In its order copy, Special NIA court judge Praveen Singh came down hard on Malik and said, “Admittedly, the convict had been engaged in violent terrorist activities prior to 1994. The claim of the convict is that he gave up the gun in the year 1994 and thereafter, he was recognised as a legitimate political player which is evident by the fact that the government of India has been engaging with him and had been providing him with the platforms to express his opinions.”
“On the face of it, it seems to be a very sound argument which would give an impression that the convict has already reformed. However, in my opinion, there was no reformation of this convict. It may be correct that the convict may have given up the gun in the year 1994, but he had never expressed any regret for the violence he had committed prior to the year 1994,” he said.

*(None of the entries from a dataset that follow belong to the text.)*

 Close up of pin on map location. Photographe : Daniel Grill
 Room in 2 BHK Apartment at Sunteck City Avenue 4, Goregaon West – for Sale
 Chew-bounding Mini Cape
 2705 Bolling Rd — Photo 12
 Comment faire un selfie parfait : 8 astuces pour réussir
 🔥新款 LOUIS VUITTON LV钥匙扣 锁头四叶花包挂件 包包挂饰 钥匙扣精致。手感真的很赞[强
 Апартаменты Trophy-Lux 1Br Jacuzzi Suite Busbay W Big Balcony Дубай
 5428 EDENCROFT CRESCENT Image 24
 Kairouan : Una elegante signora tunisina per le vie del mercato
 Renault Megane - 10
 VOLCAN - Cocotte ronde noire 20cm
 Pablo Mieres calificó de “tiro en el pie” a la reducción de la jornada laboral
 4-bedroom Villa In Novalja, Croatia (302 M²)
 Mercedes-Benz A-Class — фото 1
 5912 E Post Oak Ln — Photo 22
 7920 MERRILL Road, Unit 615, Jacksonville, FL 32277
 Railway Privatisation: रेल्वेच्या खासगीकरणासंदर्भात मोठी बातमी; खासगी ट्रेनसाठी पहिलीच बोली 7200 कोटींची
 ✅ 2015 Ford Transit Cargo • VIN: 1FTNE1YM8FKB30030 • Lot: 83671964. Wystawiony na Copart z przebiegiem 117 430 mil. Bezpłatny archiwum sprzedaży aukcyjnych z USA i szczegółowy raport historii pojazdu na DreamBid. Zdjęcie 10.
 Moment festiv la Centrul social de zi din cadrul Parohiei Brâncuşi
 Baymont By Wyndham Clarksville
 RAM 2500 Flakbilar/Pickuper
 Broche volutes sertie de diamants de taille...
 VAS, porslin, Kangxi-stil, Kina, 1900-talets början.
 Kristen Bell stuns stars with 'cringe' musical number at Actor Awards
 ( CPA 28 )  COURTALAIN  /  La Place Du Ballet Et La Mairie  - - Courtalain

In his order, the Judge said, “It is to be noticed that, when he claimed to have given up the path of violence after the year 1994, the government of India took it upon its face value and gave him an opportunity to reform and in good faith, tried to engage in a meaningful dialogue with him and as admitted by him, gave him every platform to express his opinion.”
“However, as discussed in the order on the charge, the convict did not desist from violence. Rather, betraying the good intentions of the government he took a different path to orchestrate violence in the guise of political struggle,” the Judge said.
The Judge further said that Malik has claimed that he had followed the Gandhian principle of “non-violence” and was spearheading a peaceful non-violent struggle.
“However, the evidence on the basis of which charges were framed and to which convict has pleaded guilty, speaks otherwise. The entire movement was planned to be a violent movement and large-scale violence ensued as a matter of fact. I must observe here that the convict cannot invoke the Mahatma and claim to be his follower because, in Mahatma Gandhi’s principles, there was no place for violence, howsoever high the objective might be,” the Judge said.
“It only took one small incident of violence at Chauri Chaura for the Mahatma to call off the entire non-cooperation movement but the convict, despite the large scale of violence engulfing the valley neither condemned the violence nor withdrew his calendar of protest which had led to the said violence,” he said.